Task to complete — Set down all of the records below exactly, please, omitting the images.

Data provided —
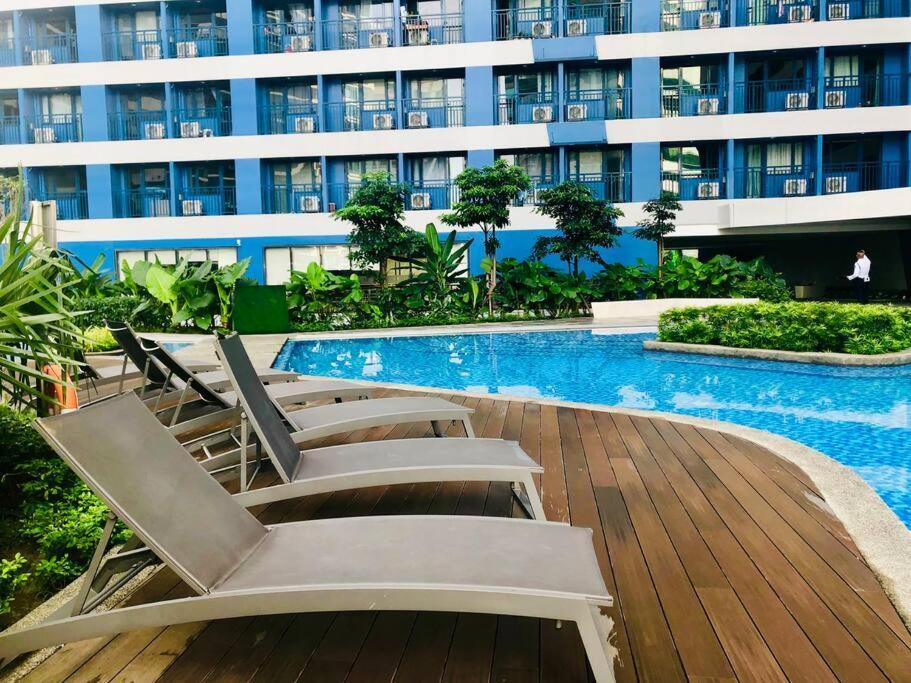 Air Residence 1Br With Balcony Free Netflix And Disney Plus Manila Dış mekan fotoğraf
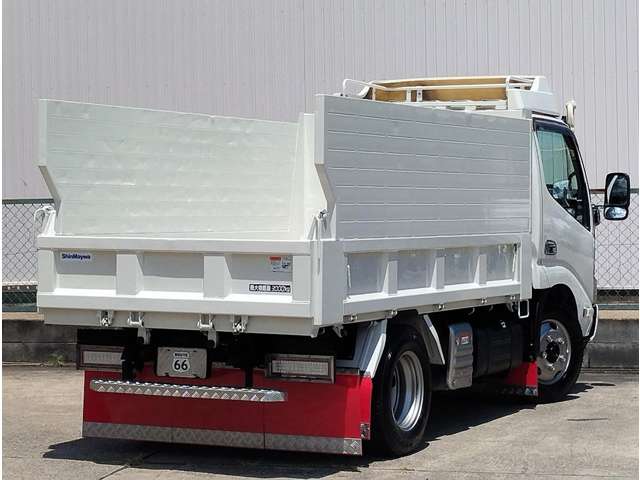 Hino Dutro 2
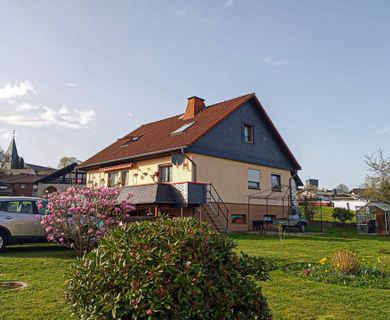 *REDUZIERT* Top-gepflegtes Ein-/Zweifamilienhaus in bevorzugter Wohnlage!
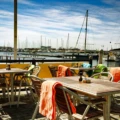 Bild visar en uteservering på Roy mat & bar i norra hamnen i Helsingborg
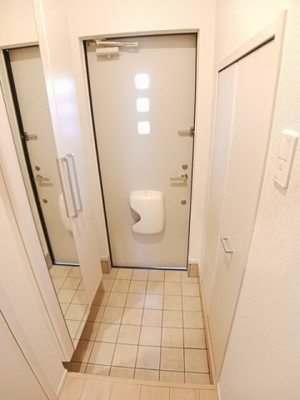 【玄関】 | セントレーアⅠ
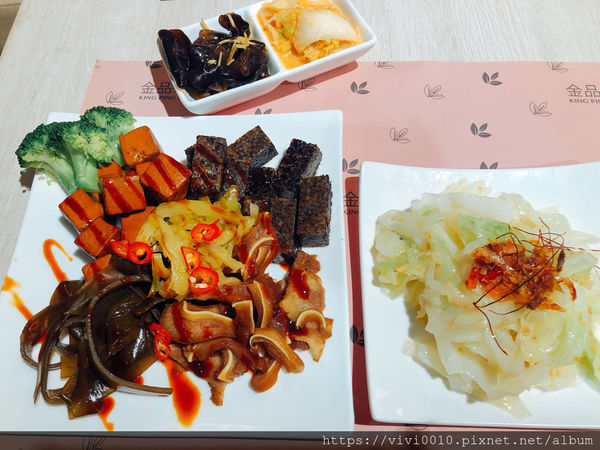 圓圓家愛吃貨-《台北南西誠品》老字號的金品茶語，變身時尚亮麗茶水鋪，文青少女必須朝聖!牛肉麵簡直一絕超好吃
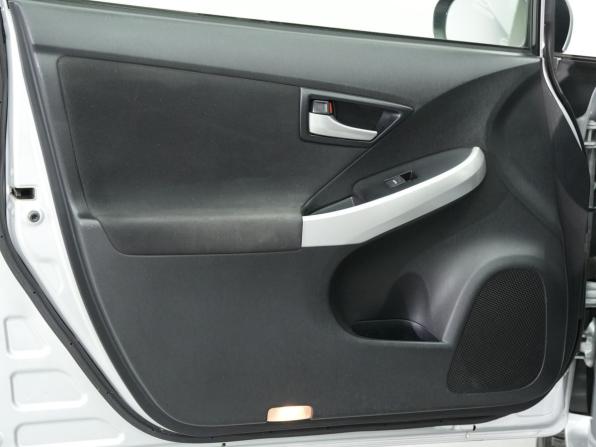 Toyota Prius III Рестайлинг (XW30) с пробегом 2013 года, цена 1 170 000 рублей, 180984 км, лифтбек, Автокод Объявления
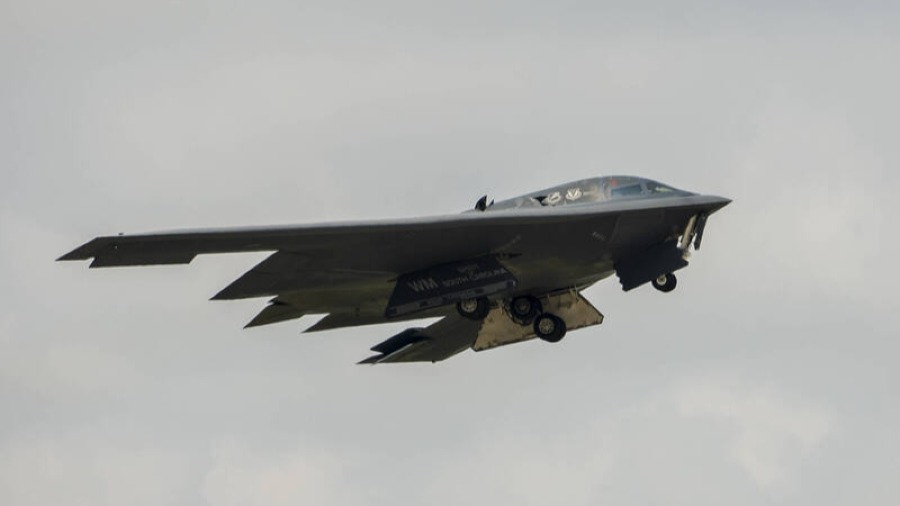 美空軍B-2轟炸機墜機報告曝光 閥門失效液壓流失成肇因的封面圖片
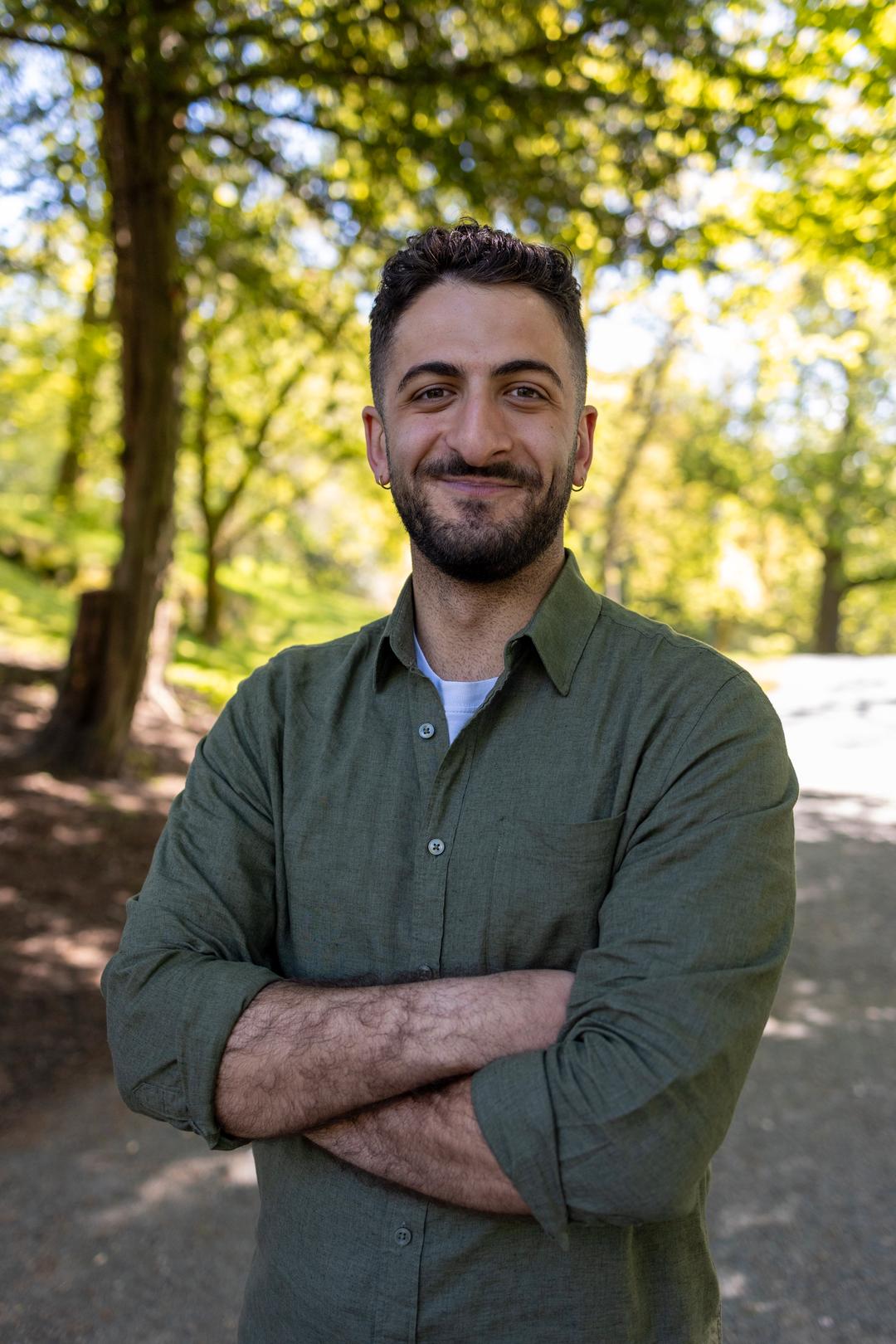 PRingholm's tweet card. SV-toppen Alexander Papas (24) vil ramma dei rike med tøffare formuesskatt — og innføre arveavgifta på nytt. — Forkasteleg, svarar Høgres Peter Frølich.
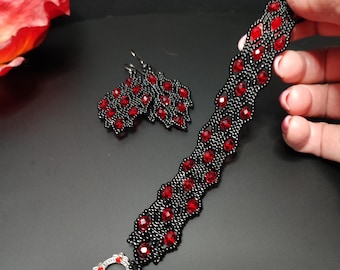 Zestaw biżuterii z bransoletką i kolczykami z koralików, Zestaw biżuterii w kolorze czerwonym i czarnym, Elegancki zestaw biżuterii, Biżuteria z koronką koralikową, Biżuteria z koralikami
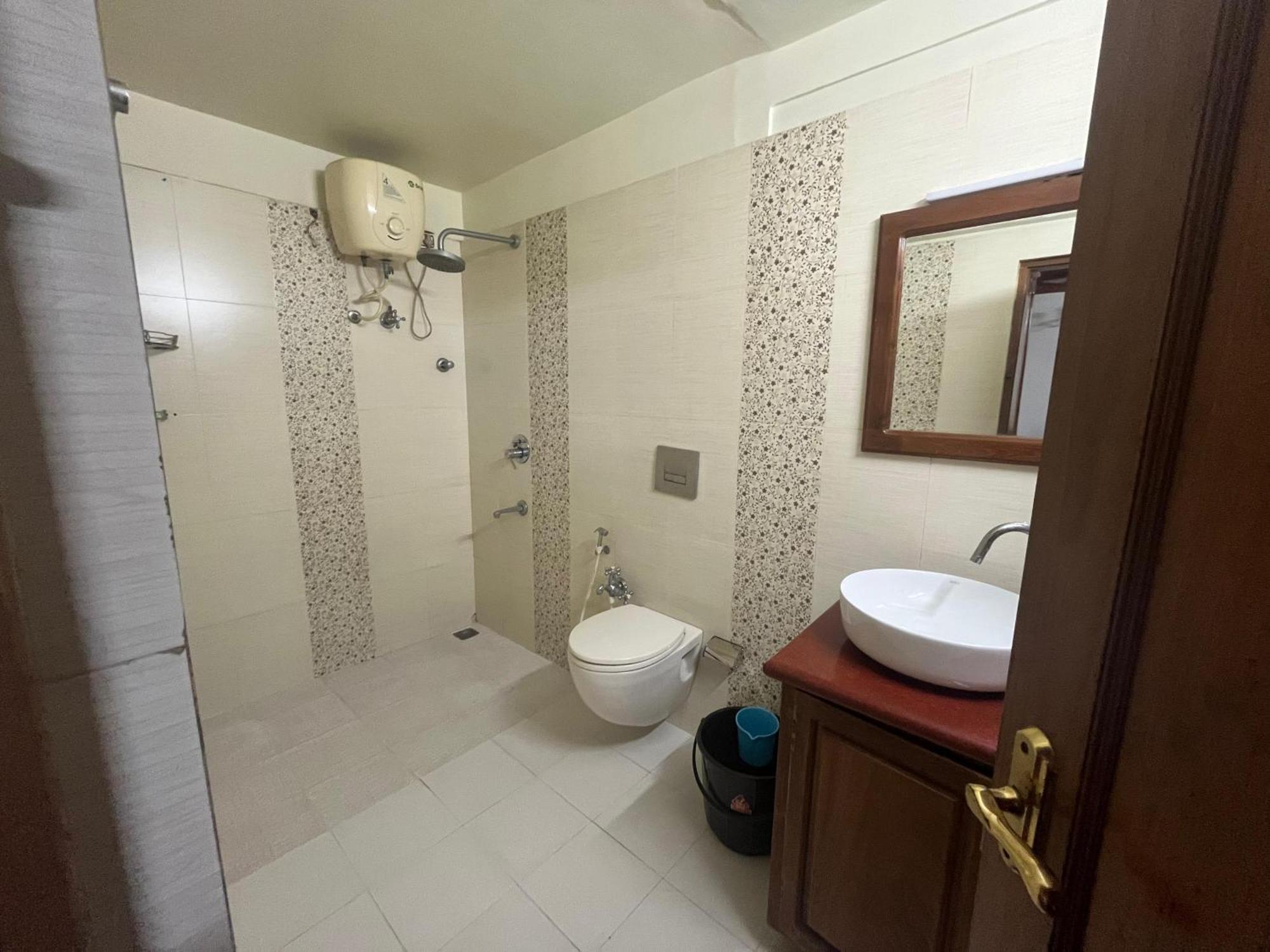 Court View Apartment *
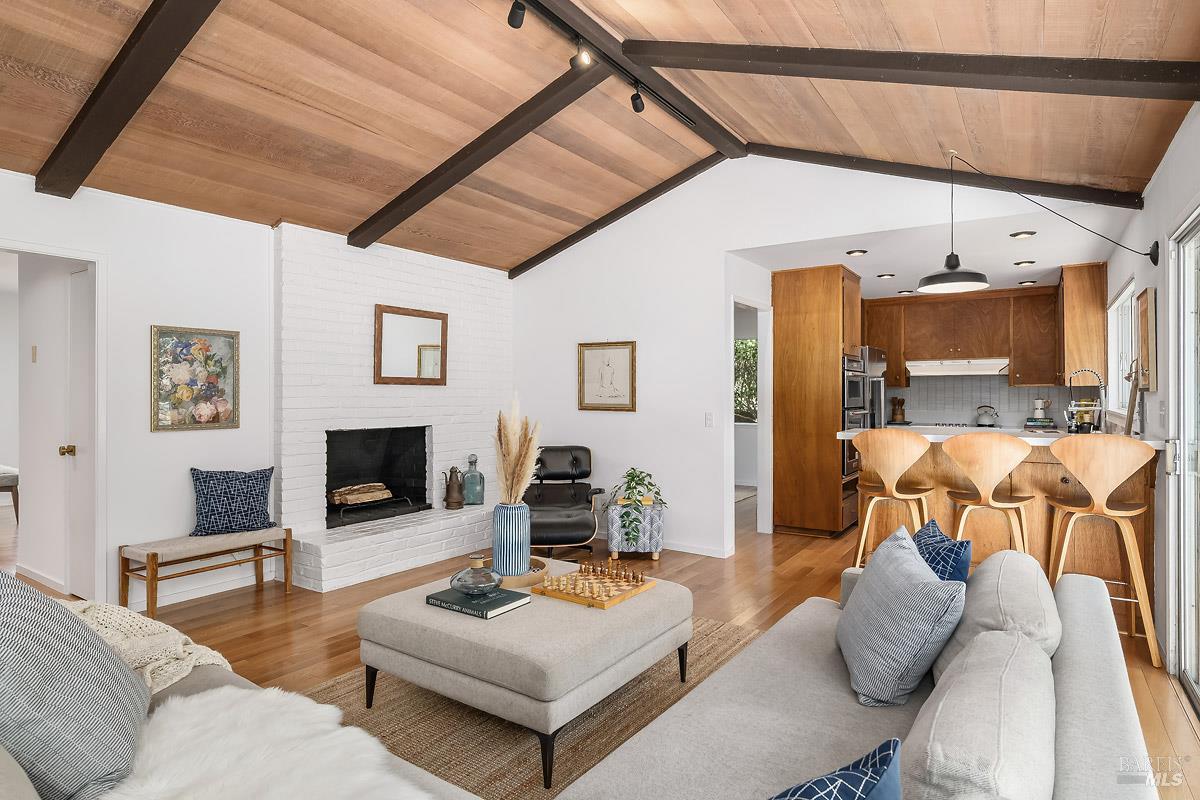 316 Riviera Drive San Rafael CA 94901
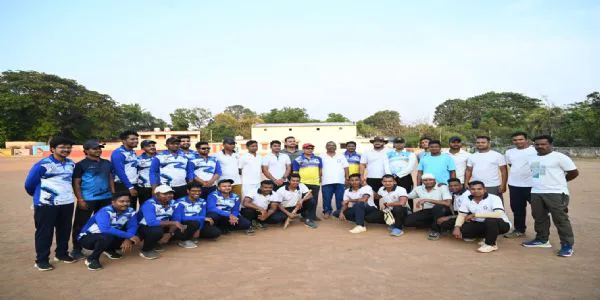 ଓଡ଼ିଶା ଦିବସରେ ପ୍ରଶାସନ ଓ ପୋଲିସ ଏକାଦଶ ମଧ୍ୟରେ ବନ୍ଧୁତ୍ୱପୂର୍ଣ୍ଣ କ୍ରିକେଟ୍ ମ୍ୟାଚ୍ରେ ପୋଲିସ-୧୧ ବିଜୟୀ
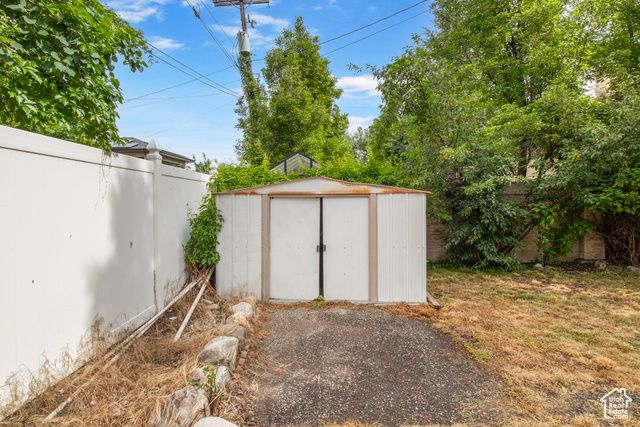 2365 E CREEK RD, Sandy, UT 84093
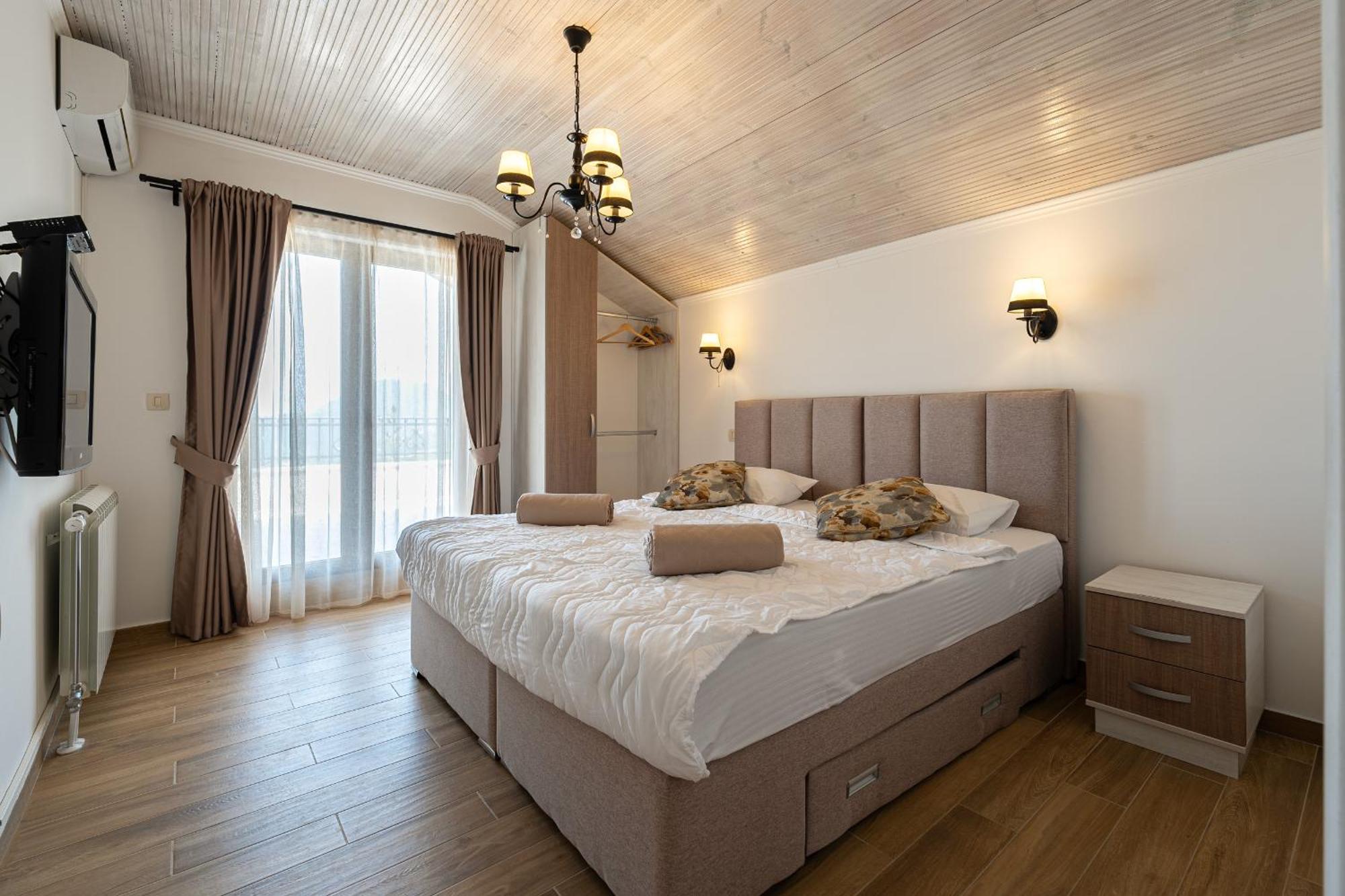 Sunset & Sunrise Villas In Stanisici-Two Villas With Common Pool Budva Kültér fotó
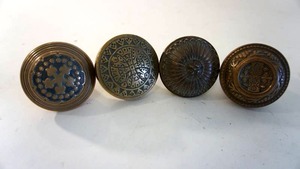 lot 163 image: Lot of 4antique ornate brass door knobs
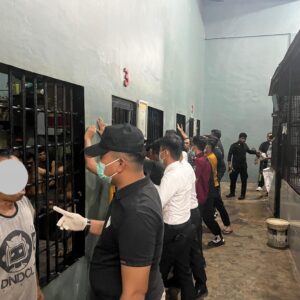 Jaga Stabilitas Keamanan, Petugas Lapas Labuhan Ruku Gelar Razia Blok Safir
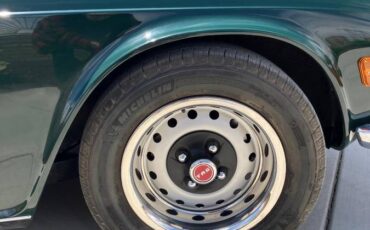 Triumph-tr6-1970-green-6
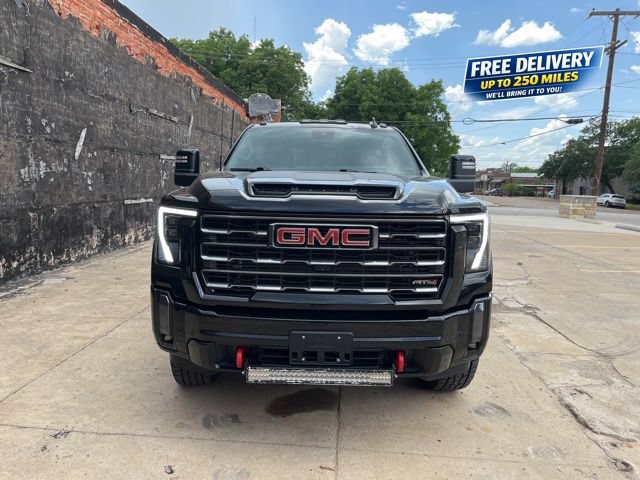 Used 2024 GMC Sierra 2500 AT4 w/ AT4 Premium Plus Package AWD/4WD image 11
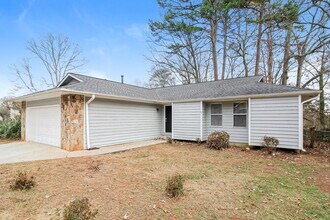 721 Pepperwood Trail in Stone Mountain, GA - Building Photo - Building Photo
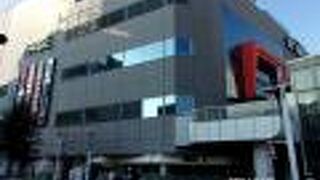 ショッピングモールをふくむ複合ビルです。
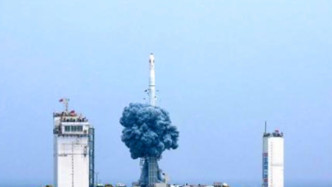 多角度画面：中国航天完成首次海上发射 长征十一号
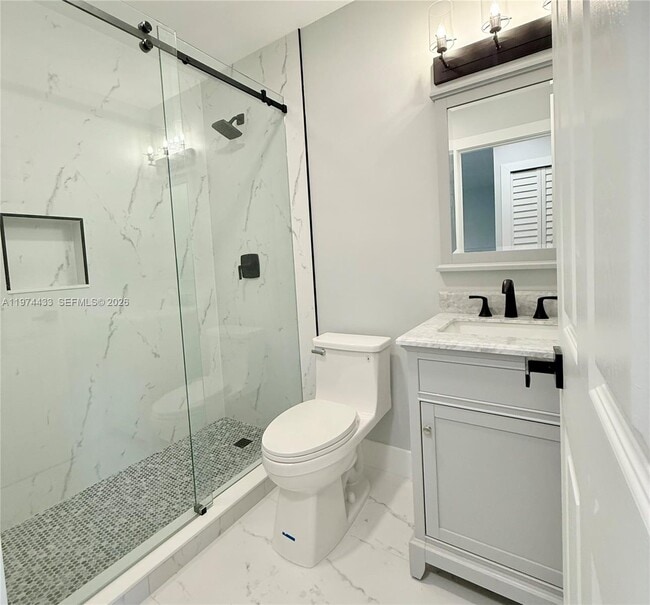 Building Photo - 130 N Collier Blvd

Response box —
 Air Residence 1Br With Balcony Free Netflix And Disney Plus Manila Dış mekan fotoğraf
 Hino Dutro 2
 *REDUZIERT* Top-gepflegtes Ein-/Zweifamilienhaus in bevorzugter Wohnlage!
 Bild visar en uteservering på Roy mat & bar i norra hamnen i Helsingborg
 【玄関】 | セントレーアⅠ
 圓圓家愛吃貨-《台北南西誠品》老字號的金品茶語，變身時尚亮麗茶水鋪，文青少女必須朝聖!牛肉麵簡直一絕超好吃
 Toyota Prius III Рестайлинг (XW30) с пробегом 2013 года, цена 1 170 000 рублей, 180984 км, лифтбек, Автокод Объявления
 美空軍B-2轟炸機墜機報告曝光 閥門失效液壓流失成肇因的封面圖片
 PRingholm's tweet card. SV-toppen Alexander Papas (24) vil ramma dei rike med tøffare formuesskatt — og innføre arveavgifta på nytt. — Forkasteleg, svarar Høgres Peter Frølich.
 Zestaw biżuterii z bransoletką i kolczykami z koralików, Zestaw biżuterii w kolorze czerwonym i czarnym, Elegancki zestaw biżuterii, Biżuteria z koronką koralikową, Biżuteria z koralikami
 Court View Apartment *
 316 Riviera Drive San Rafael CA 94901
 ଓଡ଼ିଶା ଦିବସରେ ପ୍ରଶାସନ ଓ ପୋଲିସ ଏକାଦଶ ମଧ୍ୟରେ ବନ୍ଧୁତ୍ୱପୂର୍ଣ୍ଣ କ୍ରିକେଟ୍ ମ୍ୟାଚ୍ରେ ପୋଲିସ-୧୧ ବିଜୟୀ
 2365 E CREEK RD, Sandy, UT 84093
 Sunset & Sunrise Villas In Stanisici-Two Villas With Common Pool Budva Kültér fotó
 lot 163 image: Lot of 4antique ornate brass door knobs
 Jaga Stabilitas Keamanan, Petugas Lapas Labuhan Ruku Gelar Razia Blok Safir
 Triumph-tr6-1970-green-6
 Used 2024 GMC Sierra 2500 AT4 w/ AT4 Premium Plus Package AWD/4WD image 11
 721 Pepperwood Trail in Stone Mountain, GA - Building Photo - Building Photo
 ショッピングモールをふくむ複合ビルです。
 多角度画面：中国航天完成首次海上发射 长征十一号
 Building Photo - 130 N Collier Blvd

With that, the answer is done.